To fully characterize and study the effects of this surface, there are two categories of objectives that in total create a hierarchy of five objectives. The first category of objectives is materials development and characterization. In this category, objective 1 is to create and characterize the SMP-PEM cell culture platform. Objective 2 is to create and characterize reversible PEM wrinkles. For objective 3, gradient PEM wrinkles were created and characterized. The second category of objectives is cell behavior evaluation. In this category, objective 4 is to study cell study cell attachment and alignment on static PEM wrinkles. Objective 5 is to study cell motility on “active” PEM wrinkles. The term active is used to describe topographical changes triggered in vitro. The question that this work seeks to answer is to determine if surface chemistry or topography is more important for cell attachment, alignment, and motility. Based on previous work and preliminary data, we hypothesized that the positive terminated PEM wrinkles would promote attachment and alignment of cells more than negative terminated PEM wrinkles and that cell alignment and velocity would increase on positive PEM wrinkles with higher PEM wrinkle amplitudes.

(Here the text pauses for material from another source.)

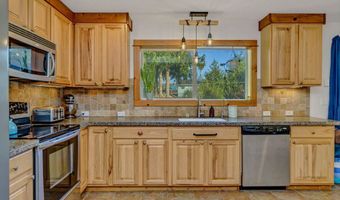 101 S Quadrant St, Rockaway Beach, OR 97136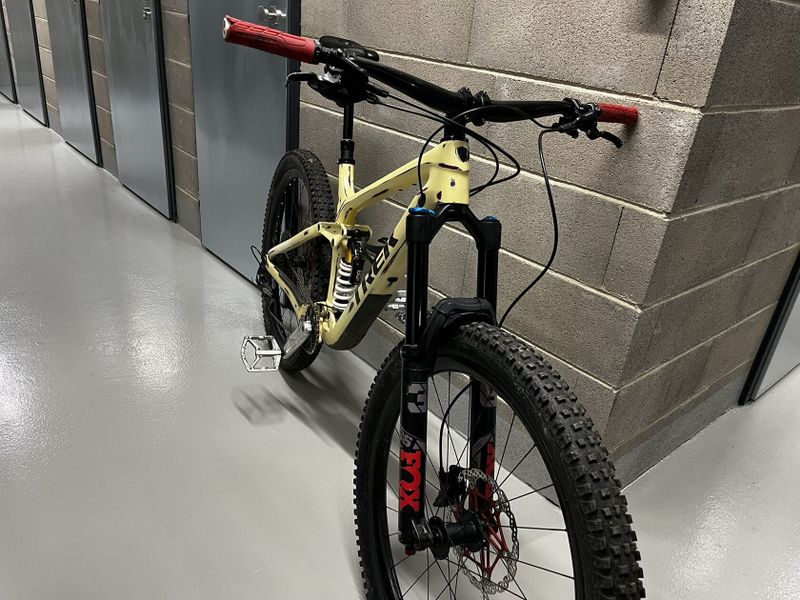 Enduro bike TREK REMEDY 9.8, M/L – full karbon, custom lak, top výbava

The molecular mechanisms for cell responses to charge and topography as well as the current cell culture platforms available used to study these processes are discussed in Chapter 1. The development, characterization, and use of a novel cell culture platform to study the effects of surface chemistry and topography on cell attachment, alignment, and motility are discussed in Chapters 2, 5, and 6. The effects of pre-strain, recovery time, recovery temperature, media, and polyelectrolyte coating variables on wrinkle amplitude and wavelength were characterized for Chapter 2. The effects of pre-strain and multiple recoveries on the final topography on reversible wrinkles were determined for Chapter 3. The material presented in this chapter has the potential to be used as for anti-fouling, anti-reflection, sensing, and smart adhesion applications. In Chapter 4, the effects of fabrication temperature and recovery temperature on the formation gradient wrinkles on functionally graded SMPs were studied. Given the optical properties of this material, it can be used for temperature sensing applications. Furthermore, it has the potential to determine the effects of charge, modulus, and dynamic topographical changes on a single, smart cell culture platform in vitro.
In Chapter 5, mouse embryonic fibroblasts are seeded on the substrate developed in Chapter 2 to study cell attachment and alignment. The effects of charge and topography were studied. In Chapter 6, the effects of chemistry and topography on mouse embryonic fibroblast motility on PEM active wrinkles were determined. An automated, contour-based tracking and analysis software program was used to determine nuclei density, nuclei alignment angle, and nuclei angular standard deviation, cell velocity, cell diffusion, and mean squared displacement.
Overall, a novel shape memory cell culture platform was developed, characterized, and used to study cell behavior. Future work recommendations for all chapters are discussed in Chapter 7. The unique contributions of this dissertation to the field are the development of a reversible and repeatable topographical coating on a smart, cell culture platform. The work in this dissertation will demonstrate that surface chemistry is more important than topography for cell alignment and motility. However, cells attach well on topographical surfaces more than flat surfaces despite charge.